Application security remains a top concern for organizations, making the need for skilled cybersecurity professionals as urgent as ever. Nearly half of security practitioners in high-performing enterprises who participated in a recent Ponemon Institute research report about reducing enterprise security risks stated that hacks to insecure applications are their organization’s biggest concern.
What Kinds of Hacks Concerns Your Organization the Most?
from: Ponemon Institute’s Reducing Enterprise Application Security Risks: More Work Needs to Be Done
The same report showed that nearly 40% of organizations blamed a lack of qualified personnel in describing why it was difficult to remediate vulnerabilities in applications. While it wasn’t the number one reason, it’s clear that organizations are struggling with a cybersecurity skills gap.
The cybersecurity skills shortage has been around for a long time, but it was exacerbated by COVID-19 and the increased need for cybersecurity. The International Information System Security Certification Consortium (ISC)2 estimated in 2020 that there is a need for an additional 3.1 million cybersecurity employees to meet demand, and while that is a drop from the 4-million employee shortage a year ago, it still leaves a significant void in the market.
There are multiple reasons for the shortage. Cybersecurity jobs typically require a 4-year college degree, which means people from low-income families are precluded from a career in cyber. At the same time, Forbes reported in 2019 that of the top 50 US computer science programs, only 42% offered more than three information-security courses.
As a result, organizations find themselves with a shortage of cybersecurity specialists they need to secure their app development.
As the pace of software development and delivery continues to speed up, the traditional separation between developers and security professionals has become a major barrier to the accelerated release of secure software products. Security teams need to be much more involved in the development of software.
This separation, when accompanied by a cybersecurity skills shortage, leads to software releases that lack the necessary security measures to ensure they are protected. Breaking the traditional silos that separate development and security teams requires a large cultural change that organizations will need to embrace.
Organizations find themselves in the unenviable position of requiring a skill set that isn’t readily available in the market. To overcome this security skills gap, organizations must provide development teams with tools and best practices that will enable them to keep their software secure.
These practices will help organizations to develop secure applications at today’s competitive pace of delivery, so that their users can operate with confidence.
Automated application security testing (AST) tools, which can be integrated into the earliest stages of development and used throughout the DevOps pipeline, help ensure security is built into the development.

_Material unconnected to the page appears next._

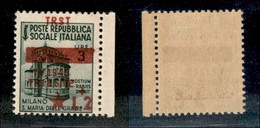 22372 OCCUPAZIONE JUGOSLAVA - TRIESTE - 1945 - 3 Lire + 2 (8dc) Con Soprastampa Spostata (TRST In Alto) - Gomma Integra  - Autres & Non Classés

These AppSec testing tools provide developers with the automated tools they need to address security and allows them to do their jobs without becoming security experts. Advanced AST tools automatically detect security issues, prioritize them, and even automatically remediate them.
We’ve seen organizations’ investment in AST tools increase over the past few years. However, when choosing a tool, organizations should choose an AST solution that can easily integrate into developers’ work processes and environments.

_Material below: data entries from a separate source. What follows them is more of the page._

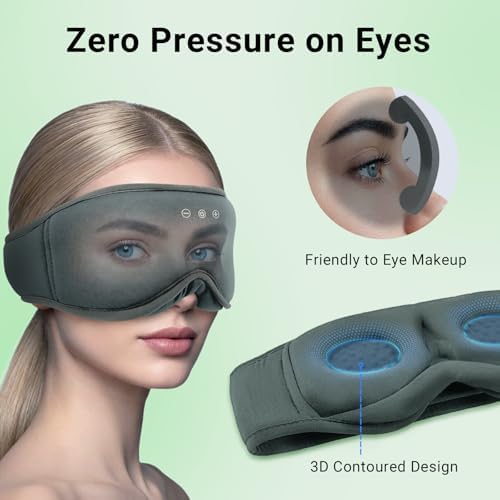 Bamboo Cotton Sleep Mask with Bluetooth Headphones, 100% Blackout - Image 3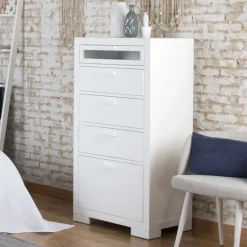 Tribeca Chiffonnier avec un chaussure en bois laqué en blanc^Banak Hot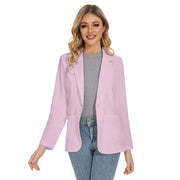 Women's Long Sleeve Notch Lapel Blazers Jacket with Pockets in Pink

While it may seem obvious, many organizations don’t prioritize their developers’ needs when it comes to application security tools.

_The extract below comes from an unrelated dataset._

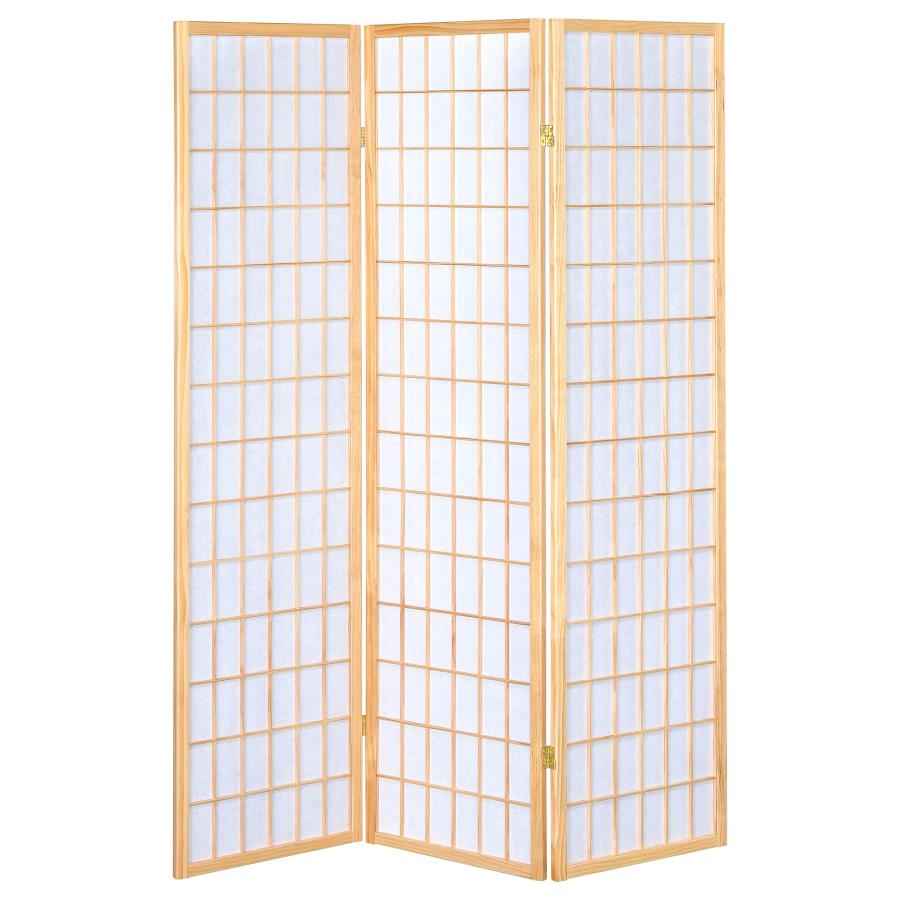 Carrie 3-Panel Room Divider Folding Shoji Screen Natural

This is unfortunate because tools that are not integrated and easy to use oftentimes go unused. Developers need tools that run silently in the background and don’t interfere with their work, that provide them with the information they need at the time and place that they need it. Tools that constantly send notifications, interrupt work, and create additional noise interfere with developers’ work, and ultimately might end up being ignored.
During an employee review, software developers are rated on their ability to churn out software. For most, security is an annoying afterthought that they would rather not deal with.
Developer Security Champions work to change the perception of security within the development team. They bring security issues to the fore, coaching developers and seeing that security best practices are introduced into the developer mindset. They help shift security left, so that security is integrated easily into the development process.
The lack of cybersecurity professionals has created the need for innovative practices and tools that work in concert to ensure that applications aren’t vulnerable to attack. Automated AppSec tools and updated processes will help bridge the cybersecurity skills gap.